I attended a NEO ACCA conference on alternatives to the billable hour a few days ago. In the next few blogs I will share some impressions, observations and thoughts.

First, let me make an observation: it was fortunate I went because I contributed to making the audience slightly larger than the presenters. You would have thought there would have been far more interest. There appeared to be a number of people who signed up for the program from the names at the welcome table, and the room was clearly prepared to accommodate many more participants, not mention the array of free food for breakfast.

I found the program quite interesting; and I tend to be skeptical of various schemes designed to reduce legal costs. So why was there no more interest? I have no idea, but I would like to hear from others who might have an explanation.

There was one explanation that arose from comments from the firm that was the focal point of the presentation--consumer resistance to change. The forum was not the typical situation where a series of in-house attorneys complained about the absence of alternative billing formats and representatives from firms resisted change or reluctantly expressed a willingness to consider alternatives after listing all the obstacles to change. It was a presentation where the law firm was actively promoting its willingness to participate in alternatives to the billable hour legal market. What they noted was the resistance of the market place to accept it. The lackluster attendance at the presentation certainly suggests market apathy.

So why was this law firm who is enthusiastically marketing alternatives to the billable hour struggling to sell the idea? Why aren’t clients lined up outside their door to take advantage of this new billing? Where were the participants in the NEO ACCA conference on the topic?

Of course, one might be able to offer explanations for each of these circumstances that do suggest that in-house counsel as a group favor alternatives to hourly rates. However, it just may be that notwithstanding all the protests by in-house counsel they really prefer hourly billing. It might be that protests against hourly rates are simply a disguise.

Robert Banks, the former General Counsel of Xerox and father of ACCA, spent an unsuccessful year with a law firm after he retired from Xerox attempting to sell services directed at helping in-house counsel control outside legal fees. After that year in which he was not particularly successful he shared his views that “in-house counsel did not want to manage outside counsel, they wanted to look like they were managing outside counsel.”

The hourly rate serves that objective in a couple of respects.
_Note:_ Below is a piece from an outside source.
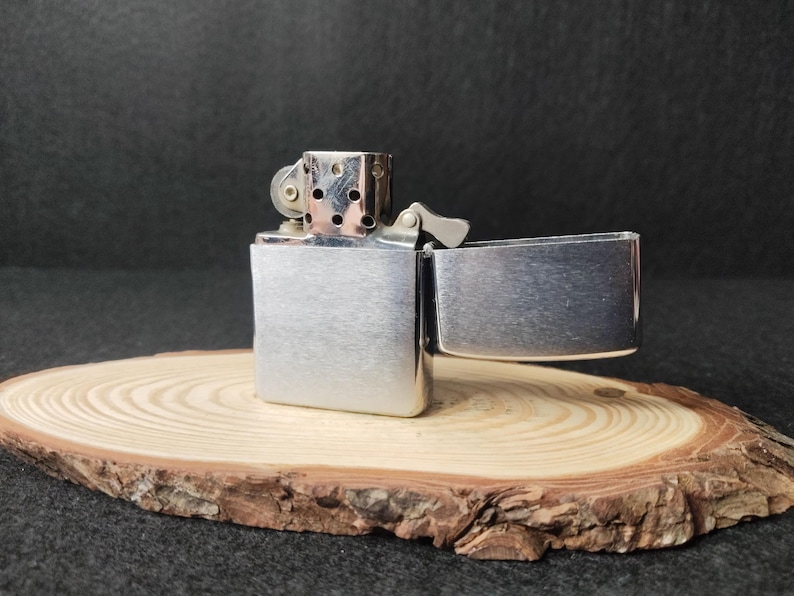 Peut inclure: Un briquet argent&eacute; ouvert, r&eacute;v&eacute;lant l'int&eacute;rieur, pos&eacute; sur une tranche de bois. Le briquet a un corps rectangulaire et un couvercle &agrave; charni&egrave;re. La tranche de bois pr&eacute;sente des cernes de croissance et des bords d'&eacute;corce. Fond sombre.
First, the review of these fees creates the impression that the in-house counsel is intimately involved in the outside attorney’s detailed efforts. There is little doubt that in-house attorneys feel a need to be involved in the activities of the attorneys they hire as expressed in the description that they wanted outside counsel to work with them in a “partnership.” The debate between Steve Bokat and me in prior blogs explored that issue. Flat rate billing and contingent fees appear to diminish, at the very least, the apparent role of the in-house attorney in the daily decisions of the outside firm. Where the firm is providing both the time and fees associated with discovery, a major role for in-house counsel, controlling those expenses, would be largely eliminated.

A consequence of these billing practices may well result in less need for as much in-house staff. The firm at the NEO ACCA event noted that an advantage of the fixed fee arrangement was that it eliminated the need for paralegal staff to review the bill (or was paralegal a euphemism for lawyer).
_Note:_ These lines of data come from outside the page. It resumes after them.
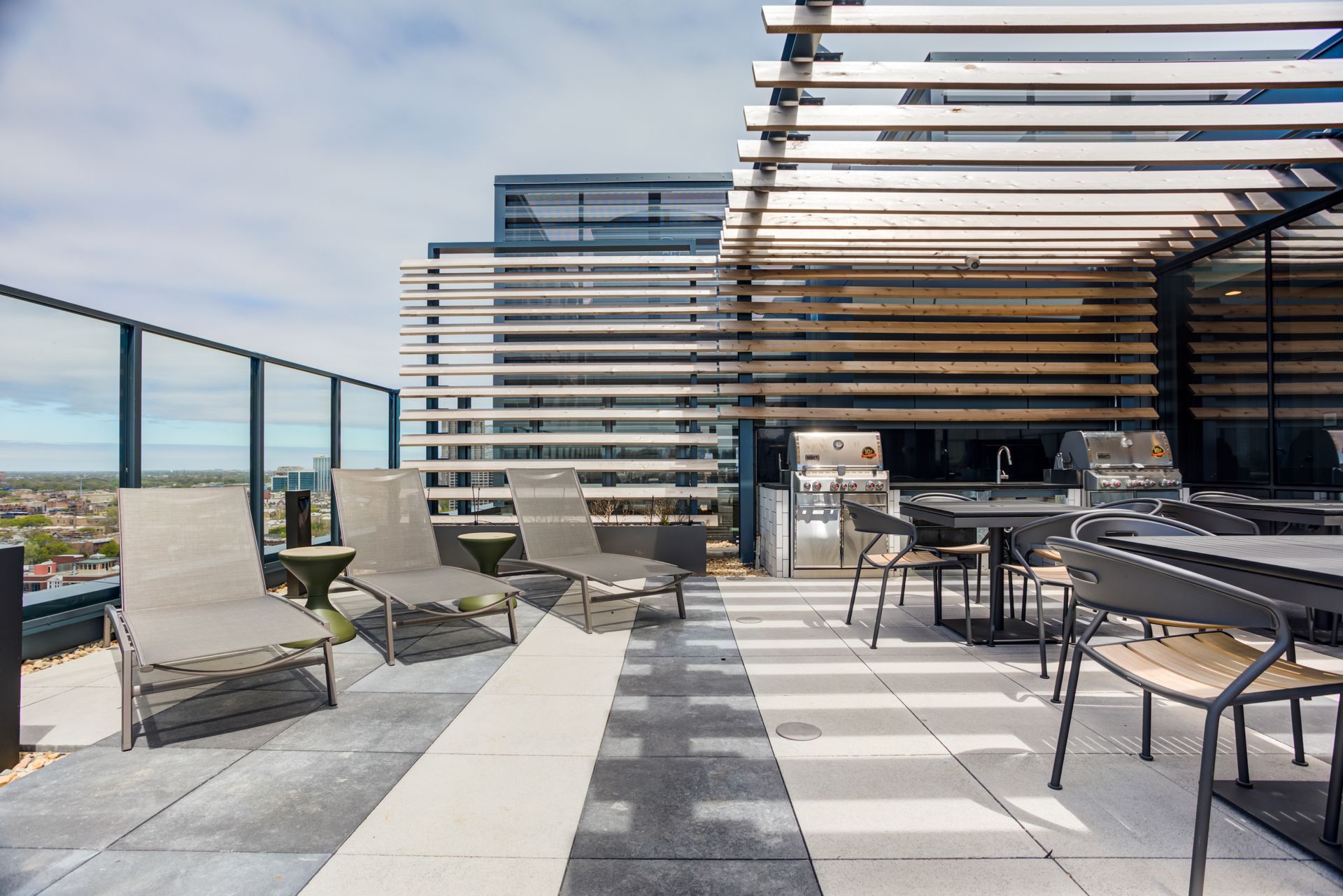A rooftop patio with chairs , tables and a grill.
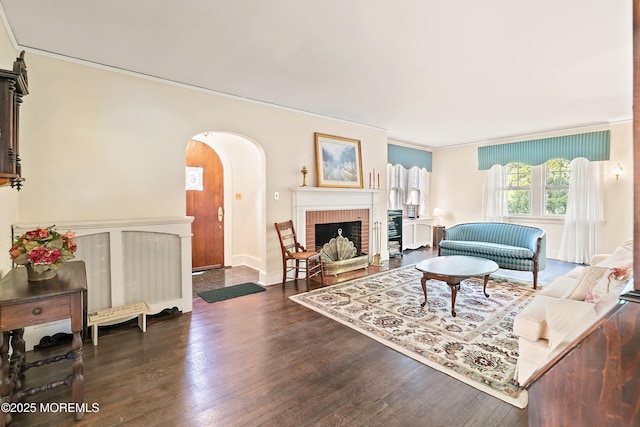 living area with crown molding, arched walkways, a brick fireplace, and wood finished floors
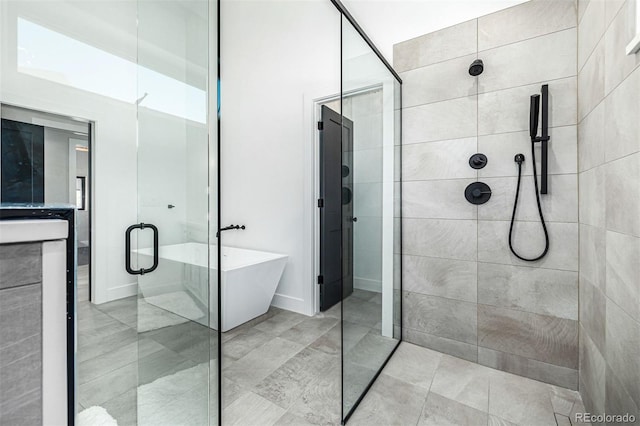 full bathroom featuring a stall shower and a soaking tub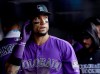FILE - In this June 18, 2018, file photoColorado Rockies' Carlos Gonzalez walks in the dugout after scoring against the New York Mets during the second inning of a baseball game in Denver. A person familiar with the agreement says Gonzalez intends to sign a minor league contract with the Cleveland Indians. Gonzalez, who played the past 10 seasons with Colorado, will sign once he completes a physical and join the Indians at spring training, said the person who spoke Saturday, March 16, to The Associated Press on condition of anonymity because the deal has not been finalized. (AP Photo/Jack Dempsey, File)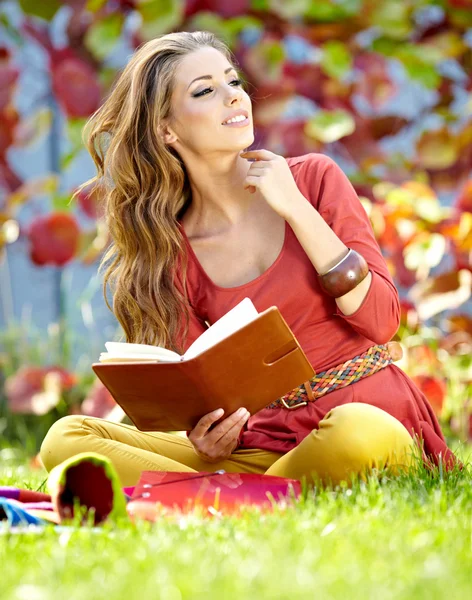 Belle fille avec livre dans le parc de printemps — Photo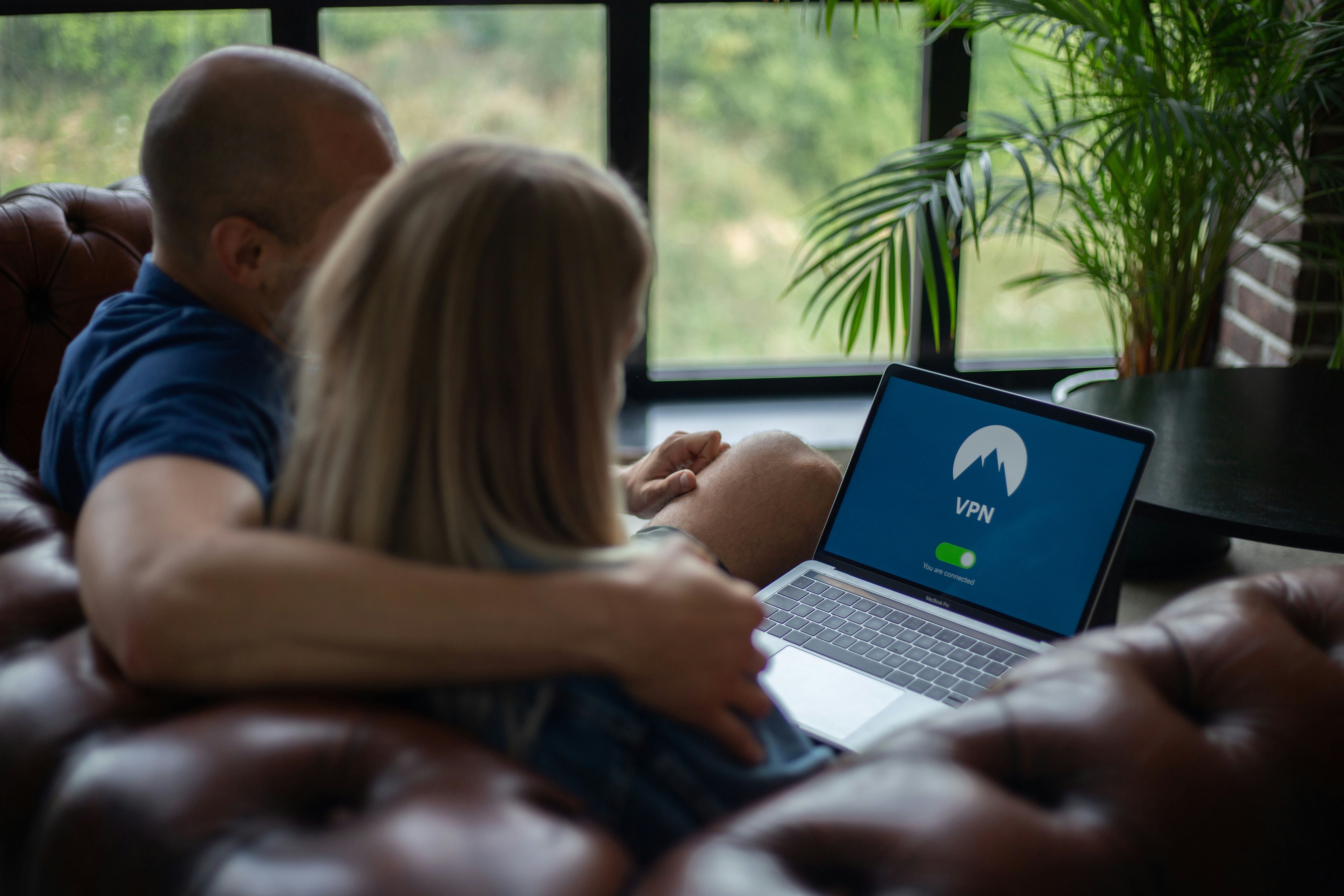 An illustrative photo of a man and woman sitting on chair in front of macbook pro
Those of us who have been in-house know that there are huge pressures to grow the size of a law department. Both prestige and salary are associated with size of the department you manage; lawyers like to hire other lawyers if for no other reason than to demonstrate how much work they have. It is not unique to lawyers for sure. But the reality is that bigger is generally better for the employees, whether or not it may be good for the shareholder or owner.
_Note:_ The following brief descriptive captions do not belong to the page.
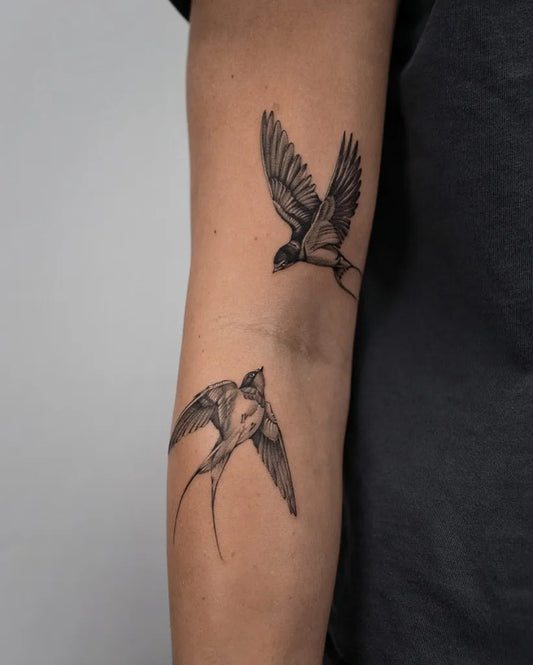 Small Blackwork Swallows Tattoo on Women Arm by @baronart_alan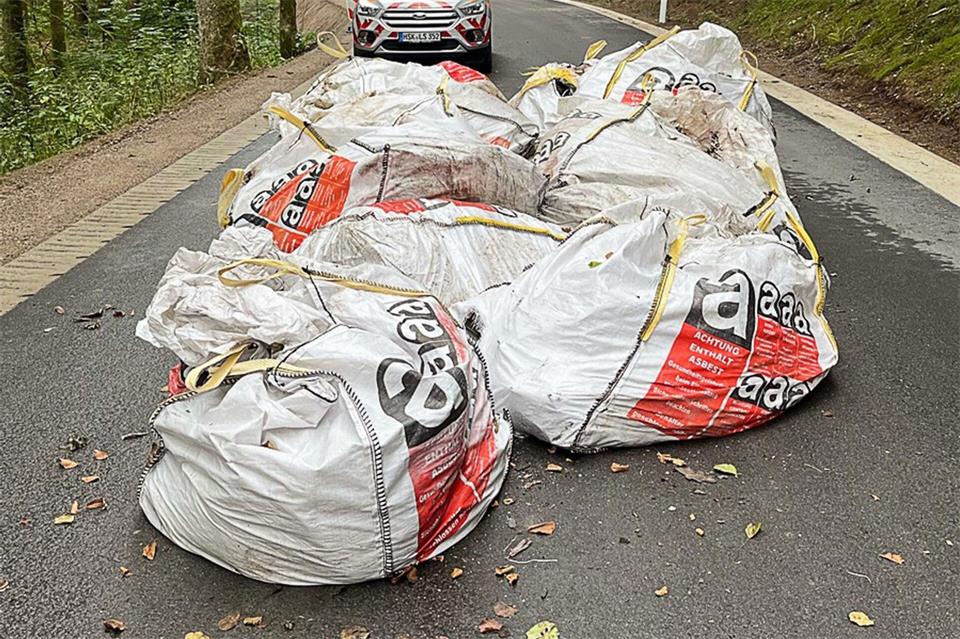 Die Polizei ermittelt nun, wer die Säcke auf der Landstraße im Wald abgestellt hat. -/KPB Hochsauerlandkreis/dpa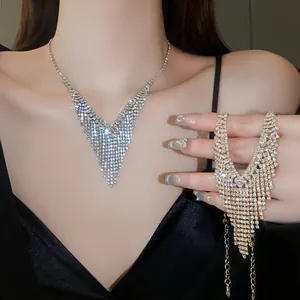Close-up of elegant sparkling rhinestone fringe necklace shown on model neck and hand
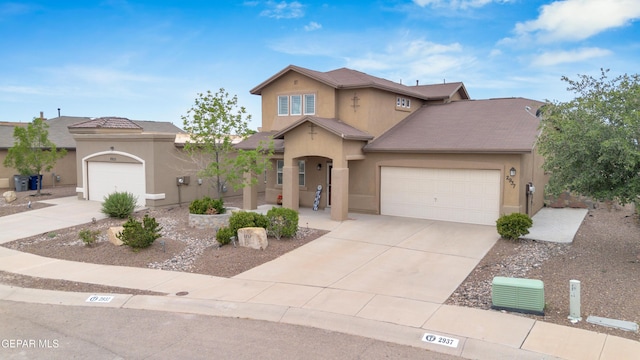 2937 Pino Triste Dr, El Paso, TX 79938 - view of front facade with stucco siding, driveway, and a garage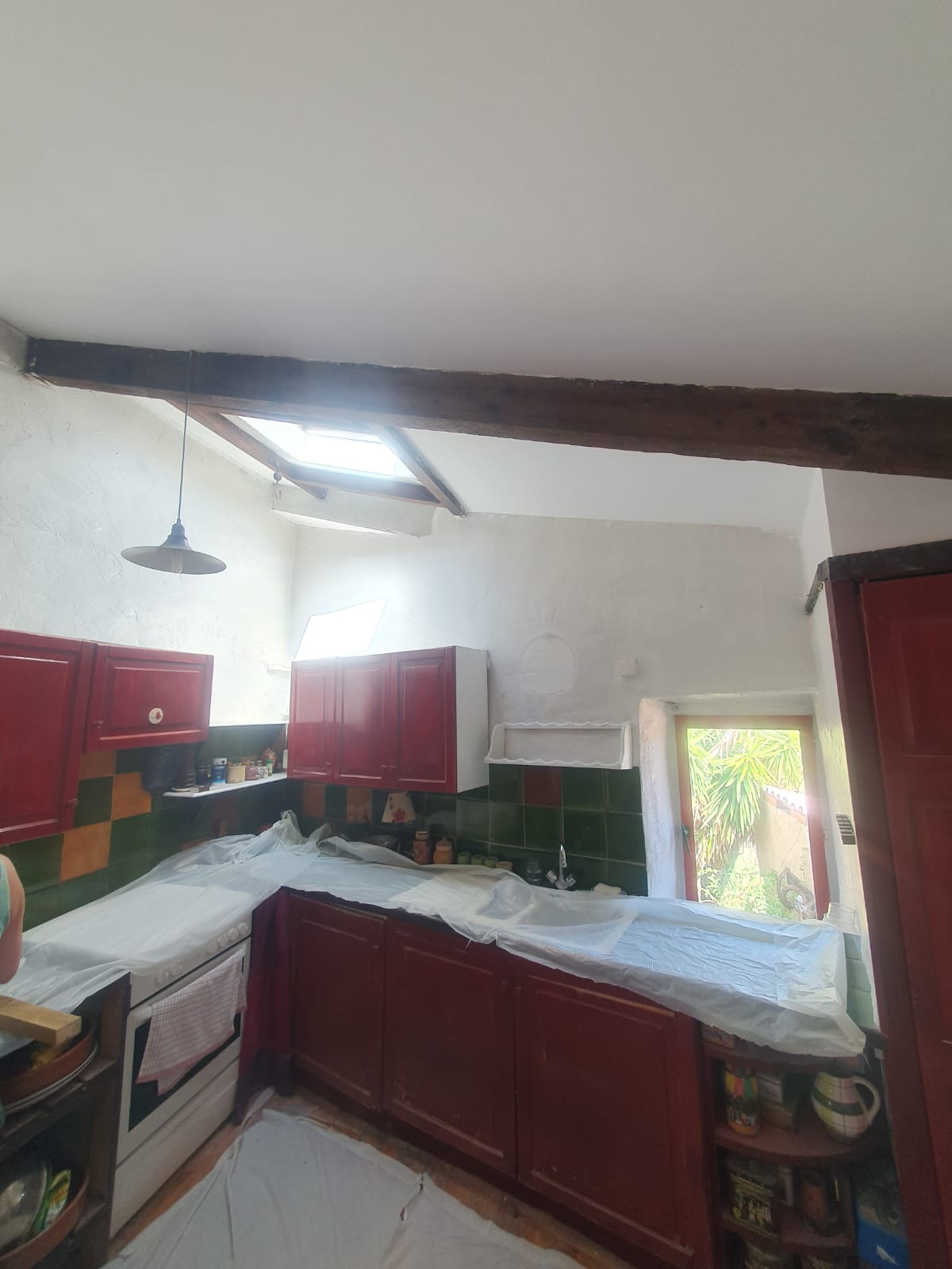 Cuisine avec éléments rouges et carrelage artisanal — décoration luxueuse intérieure dans les Pyrénées-Orientales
If the in-house job description is to manage some aspect of the legal function, be it litigation or acquisitions, the lawyer might well be reluctant to forego the hourly rate, and the actual or apparent control that goes with long-term fixed-term agreement, where his real attention is only required once every couple of years.

Similar characteristics exist for contingency fees.

The effort to control costs using these techniques is not new. It remains to be seen whether the present effort has anymore staying power than prior attempts.